High-Efficiency Advanced Audio Coding (AAC+) is a standard for encoding audio data that far exceeds existing formats for quality and space, including mp3 and ogg.
Here’s a quote about people’s general perception of quality of AAC+ from the wikipedia article:
Scientific testing by the European Broadcasting Union has indicated that HE-AAC at 48 kbit/s was ranked as “Excellent” quality using the MUSHRA scale. [7]. MP3 in the same testing received a score less than half that of HE-AAC and was ranked “Poor” using the MUSHRA scale.
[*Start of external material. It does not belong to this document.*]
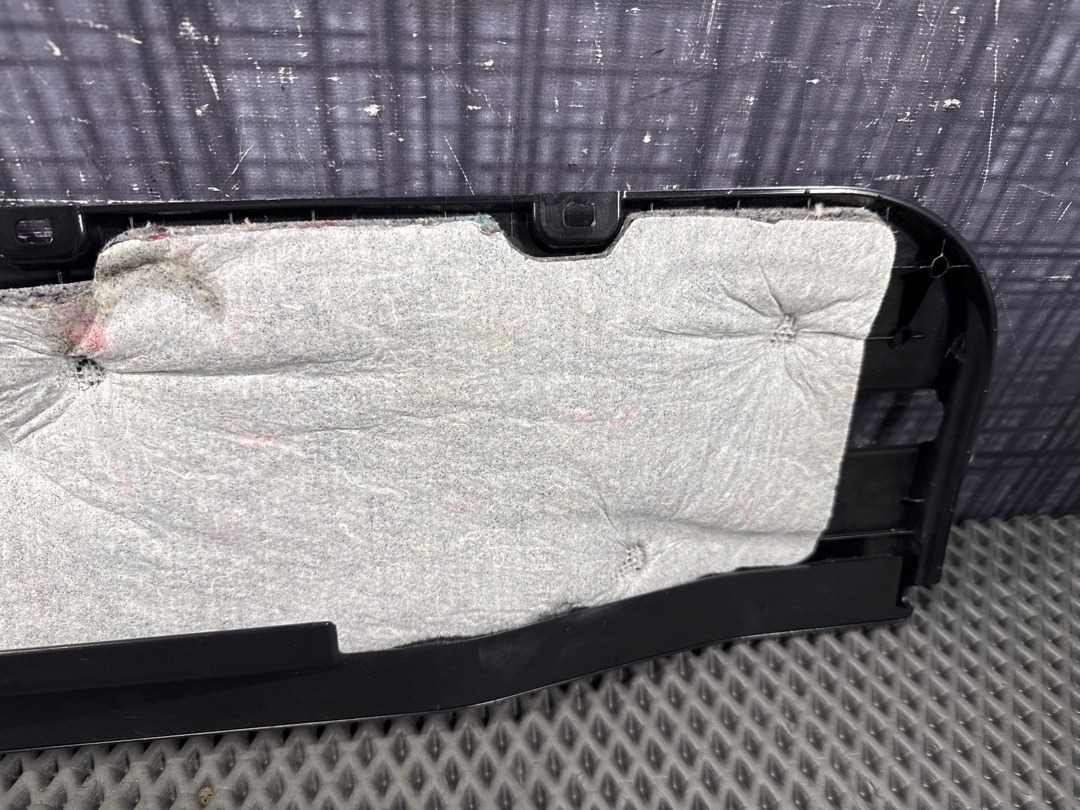 Пластик крышки багажника, 1470 рублей, Красноярск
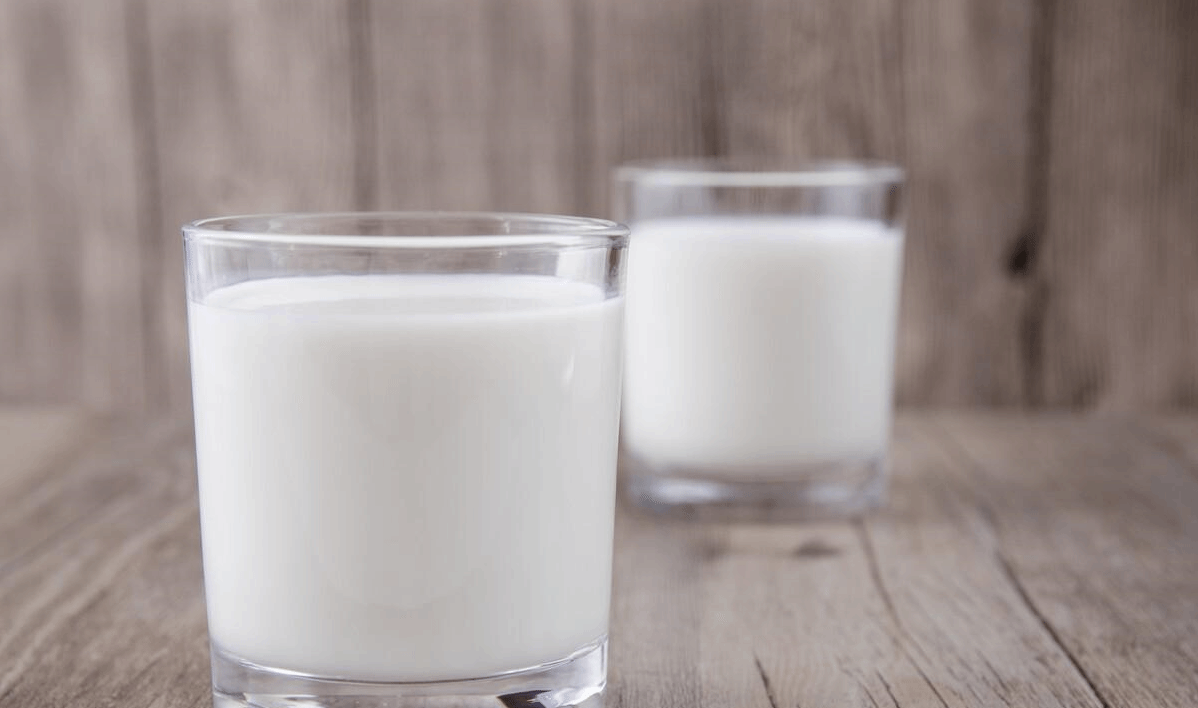 牛奶中含防腐剂不仅有毒还会致癌？这3种假牛奶要少喝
Data from this testing also indicated that some individuals confused 48 kbit/s encoded material with an uncompressed original.
Try out this 32kbps example:
HE-AAC+v2 (44100Hz Stereo@32kbps) 1.1 MB (http://teknoraver.net/software/mp4tools/)
That example is about 4:30 in length and weighs in at 1.1mb. My 192kbps songs of that length come in at 6mb+. A 6x savings is downright impressive.
Audiophiles will surely detect difficiencies in the audio. I feel I can if I really listen. But just listening for enjoyment and considering the space savings, this is a real miracle of an encoding format. I say this because only a few years ago a 64kbps mp3 stream was worse than am radio quality.